EXERCISE: Set down every line of the data exactly, skipping the pictures.

PROVIDED MATERIAL:

--

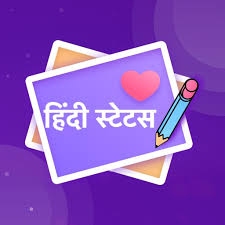 hindi status hindi shayari by yaseen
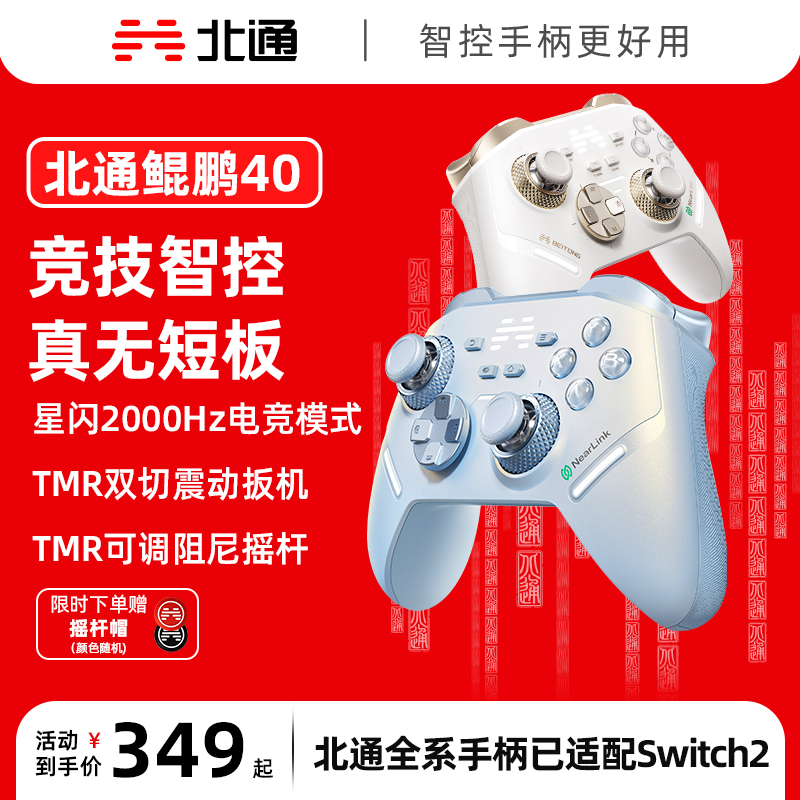 北通鲲鹏40星闪无线游戏手柄阿修罗xbox手机switch电脑PC电视steam光轴按键扳机震动NS双影奇境黑神话悟空 极光蓝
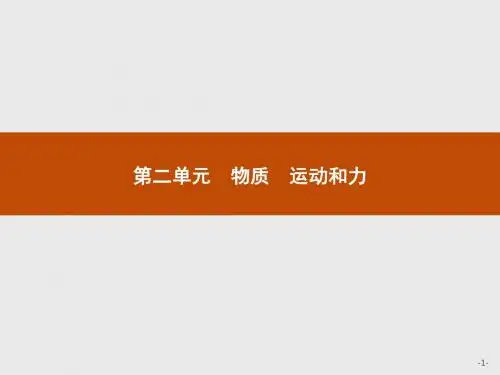 中考(新疆)物理复习课件：第4讲 质量与密度 (共36张PPT)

--

ANSWER TO THIS EXERCISE:
 hindi status hindi shayari by yaseen
 北通鲲鹏40星闪无线游戏手柄阿修罗xbox手机switch电脑PC电视steam光轴按键扳机震动NS双影奇境黑神话悟空 极光蓝
 中考(新疆)物理复习课件：第4讲 质量与密度 (共36张PPT)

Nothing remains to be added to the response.